[Task to complete] Transcribe exactly the line containing "ella-myst live cam on BongaCams" and every line after it, through the end of the records below.

Scraped caption text data:
+++
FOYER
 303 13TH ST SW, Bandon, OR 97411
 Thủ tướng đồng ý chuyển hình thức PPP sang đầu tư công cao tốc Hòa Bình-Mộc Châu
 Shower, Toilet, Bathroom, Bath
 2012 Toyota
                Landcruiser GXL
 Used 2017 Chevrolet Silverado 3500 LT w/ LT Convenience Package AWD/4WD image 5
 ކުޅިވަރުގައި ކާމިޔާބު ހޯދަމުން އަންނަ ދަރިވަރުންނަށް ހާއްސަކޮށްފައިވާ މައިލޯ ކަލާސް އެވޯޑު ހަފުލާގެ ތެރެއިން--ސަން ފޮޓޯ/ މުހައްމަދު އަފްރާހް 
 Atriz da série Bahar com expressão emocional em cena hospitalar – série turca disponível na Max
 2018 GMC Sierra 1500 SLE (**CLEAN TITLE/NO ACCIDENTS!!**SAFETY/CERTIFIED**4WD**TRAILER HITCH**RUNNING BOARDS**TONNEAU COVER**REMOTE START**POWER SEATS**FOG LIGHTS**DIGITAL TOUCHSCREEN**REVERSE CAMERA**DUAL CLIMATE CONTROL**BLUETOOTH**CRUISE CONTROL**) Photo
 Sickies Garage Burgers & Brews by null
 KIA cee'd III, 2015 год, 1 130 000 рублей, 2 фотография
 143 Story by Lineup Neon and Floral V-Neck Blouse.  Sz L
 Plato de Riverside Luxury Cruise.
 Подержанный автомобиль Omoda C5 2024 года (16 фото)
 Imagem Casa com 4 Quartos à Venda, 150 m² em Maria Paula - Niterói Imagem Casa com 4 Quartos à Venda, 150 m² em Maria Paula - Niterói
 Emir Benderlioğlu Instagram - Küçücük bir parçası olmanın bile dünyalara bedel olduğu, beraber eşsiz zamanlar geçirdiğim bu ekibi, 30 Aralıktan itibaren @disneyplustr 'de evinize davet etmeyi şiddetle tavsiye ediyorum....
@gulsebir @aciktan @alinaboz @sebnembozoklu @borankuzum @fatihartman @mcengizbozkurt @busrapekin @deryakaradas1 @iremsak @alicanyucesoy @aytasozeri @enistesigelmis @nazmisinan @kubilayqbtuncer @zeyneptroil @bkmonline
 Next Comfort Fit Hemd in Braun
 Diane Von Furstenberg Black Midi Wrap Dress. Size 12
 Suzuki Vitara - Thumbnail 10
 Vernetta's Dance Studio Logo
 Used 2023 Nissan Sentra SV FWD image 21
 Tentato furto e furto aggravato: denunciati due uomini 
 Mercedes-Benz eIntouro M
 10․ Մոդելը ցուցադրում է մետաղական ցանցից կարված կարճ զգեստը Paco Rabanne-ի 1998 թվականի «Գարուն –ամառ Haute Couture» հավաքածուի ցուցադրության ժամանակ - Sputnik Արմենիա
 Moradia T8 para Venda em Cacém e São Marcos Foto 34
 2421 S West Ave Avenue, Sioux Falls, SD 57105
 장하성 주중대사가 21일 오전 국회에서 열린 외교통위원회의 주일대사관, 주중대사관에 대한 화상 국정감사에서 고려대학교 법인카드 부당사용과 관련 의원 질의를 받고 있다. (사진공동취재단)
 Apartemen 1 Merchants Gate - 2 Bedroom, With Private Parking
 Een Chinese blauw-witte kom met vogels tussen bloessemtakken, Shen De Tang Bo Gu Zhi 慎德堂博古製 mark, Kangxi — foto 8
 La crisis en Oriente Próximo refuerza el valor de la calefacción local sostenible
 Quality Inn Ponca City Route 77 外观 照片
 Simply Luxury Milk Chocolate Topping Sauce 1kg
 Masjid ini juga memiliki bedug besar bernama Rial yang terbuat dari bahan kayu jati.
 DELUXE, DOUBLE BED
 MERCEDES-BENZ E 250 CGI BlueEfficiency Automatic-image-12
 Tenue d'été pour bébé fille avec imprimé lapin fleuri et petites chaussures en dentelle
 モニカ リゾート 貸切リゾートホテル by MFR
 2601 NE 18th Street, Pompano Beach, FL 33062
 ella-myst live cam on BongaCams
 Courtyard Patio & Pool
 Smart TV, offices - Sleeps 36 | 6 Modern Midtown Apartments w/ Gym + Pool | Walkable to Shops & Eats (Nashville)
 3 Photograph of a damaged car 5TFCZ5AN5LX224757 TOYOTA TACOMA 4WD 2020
+++
[Solution to the problem]
 ella-myst live cam on BongaCams
 Courtyard Patio & Pool
 Smart TV, offices - Sleeps 36 | 6 Modern Midtown Apartments w/ Gym + Pool | Walkable to Shops & Eats (Nashville)
 3 Photograph of a damaged car 5TFCZ5AN5LX224757 TOYOTA TACOMA 4WD 2020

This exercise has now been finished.